About this exercise — Everything from the line with "Aerial view of" down to the line with "a wooden table" below must be printed exactly, those two lines included. Exclude pictures.

Exercise data —
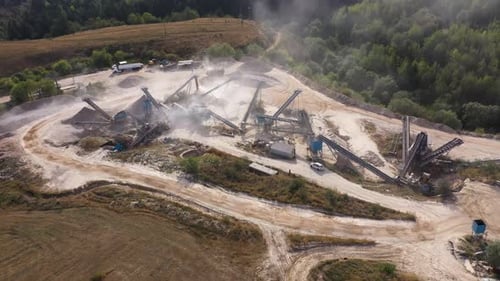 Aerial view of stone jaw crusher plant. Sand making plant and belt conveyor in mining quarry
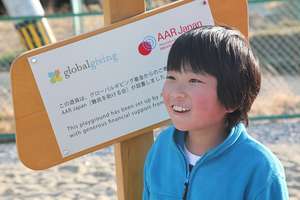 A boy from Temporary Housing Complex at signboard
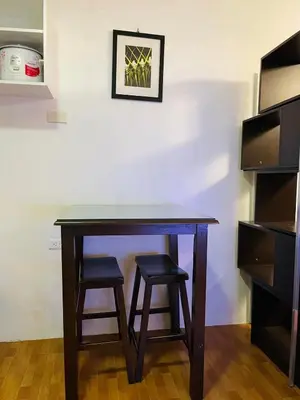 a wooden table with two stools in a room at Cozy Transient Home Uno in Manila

...

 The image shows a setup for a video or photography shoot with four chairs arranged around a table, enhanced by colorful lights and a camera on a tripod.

Task solution —
 Aerial view of stone jaw crusher plant. Sand making plant and belt conveyor in mining quarry
 A boy from Temporary Housing Complex at signboard
 a wooden table with two stools in a room at Cozy Transient Home Uno in Manila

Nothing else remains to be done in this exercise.